Sunday, December 18, 2005

Vamos Costa Rica!

Yours truly is ready to travel to Costa Rica. One day-trip to Sydney and voila!, a stamp in my passport says I'm ready for travel. I was talking to the receptionist at the Consulate-General and apparently us Malaysians, if we intend to travel to Costa Rica, have to obtain a visa in person from the closest Consulate General. Closest being Japan or Melbourne. Brilliant really. Previously you could courier your passport and thus save yourself a plane ticket, but new regulations (that even the Consular General admit is completely bogus) state that we have to be at the office in person. It does not help that Malaysia is listed as a Muslim country. God forbid they admit prospective terrorists into a country that according to the Lonely Planet forum, is notorious for pickpockets and robbers.

And because no trip to Sydney is complete without it, here is the obligatory picture of the Sydney Opera House with guest, the Sydney Harbour Bridge.

Now, while the debate continues regarding which state is more superior, I have to admit that Sydney does one up Melbourne on a particular aspect. Krispy Kreme donuts. Holy mother of dough and glazed sugar, Donut King ain't got nothing on them. It's crazy really. No matter how much we try to deny it, American exports are truly essential to modern life. It doesn't have to be the central focus, but it certainly makes our life seem more rich knowing we have other options. Which is ironic cause for every Starbucks or McDonald's that is built on your local block, there goes a local establishment, thus actually limiting our options.

I can't go into an anti-capitalist tirade because besides the obvious fact that I get my spending money from the Golden Arches, I honestly think that I would start eating pork again should Denny's ever open a branch in Melbourne (bacoooonnn). Oh heck. I say countries shouldn't fear the spread of Western influences. Sure, enforce some sort of quota to ensure that the local industry will thrive and make sure that no conglomeration can get around the red tape (Here's looking at you, Murdoch). And yeah, encourage the locals to shop/eat/buy local. But it's crazy to impede the flow of Western media/establishments/brands. Just take a look at China. It's pretty obvious that things aren't quite working out the way the Communist leaders envisioned.
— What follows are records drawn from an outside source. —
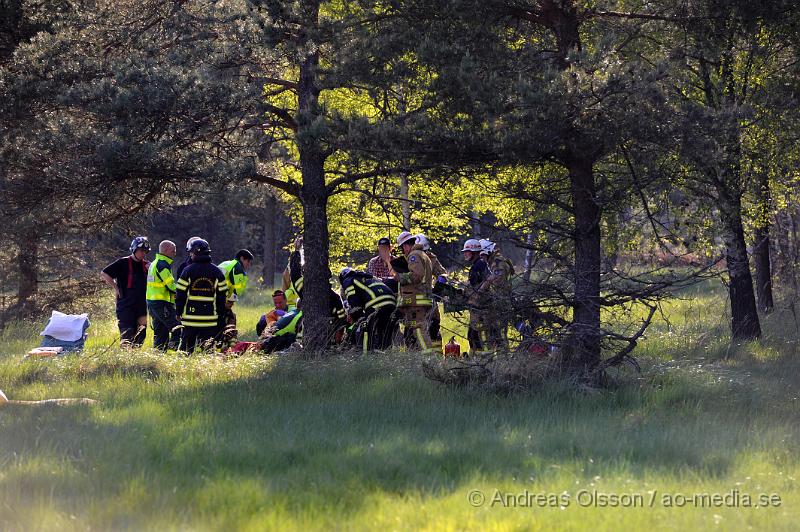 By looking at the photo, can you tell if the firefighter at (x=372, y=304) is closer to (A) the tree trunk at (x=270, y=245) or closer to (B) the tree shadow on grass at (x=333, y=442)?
(B) the tree shadow on grass at (x=333, y=442)

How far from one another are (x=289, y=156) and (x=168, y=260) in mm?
5355

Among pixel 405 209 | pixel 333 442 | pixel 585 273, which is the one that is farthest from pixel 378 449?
pixel 405 209

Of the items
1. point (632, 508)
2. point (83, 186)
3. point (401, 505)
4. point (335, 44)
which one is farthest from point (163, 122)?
point (632, 508)

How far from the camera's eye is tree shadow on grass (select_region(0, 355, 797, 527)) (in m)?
6.07

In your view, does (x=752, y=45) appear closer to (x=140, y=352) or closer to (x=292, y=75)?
(x=292, y=75)

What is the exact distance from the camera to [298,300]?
14578 mm

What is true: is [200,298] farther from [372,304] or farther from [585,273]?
[585,273]

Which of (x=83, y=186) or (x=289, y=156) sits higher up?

So what then for the future? Should we all just give up hope and wait for the inevitable Starbucks-McDonalds-MTV-Gap-Abercrombie&Fitch filled streets? Also impossible I say. As long as the doors are opened for the local industry, there will be hope. Chris Lilley's We Can Be Heroes is on par with Arrested Development and The Office. Alannah Hill's dresses are so so pretty (also very $$$). Boost Juice's annual profits is an exponential graph.

... Oh crud. I think this became a pro-globalization, whilst thinly-veiled pro-Americanisation tirade. What can I say? You can't hate the land that
gave us Buffy afterall.

Right then. I've been thinking about Green Day's American Idiot. And I've come to the realization that it will do what Californication and Morning View did for RHCP and Incubus. Suddenly pimply-faced teens with newly broken voices all over the world will have ditched their Simple Plan t-shirts to don black American Idiot tees. I'm not being elitist and actually think this is a good thing. I mean, more power to good bands, yeah? It's just a little bit weird/creepy when kids start calling Billie Joe 'sexy'. Prior to him putting black eyeliner to good use, I don't recall anyone tagging him with that adjective. It's quite bizarre to think that some eye make-up makes you instant hot stuff.

But then again, after watching the Jesus of Suburbia video clip, I think I'm coming around to that concept. Lou Taylor Pucci, who I previously watch
ed in the indie flick Thumbsucker, looked extremely effiminate with his big blue eyes and delicate features. Then suddenly in the JoS video clip, he's freaking Sid Vicious incarnate and looking totally hot. Strange, huh.

From this:

to this:

See? I'm not just being superficial.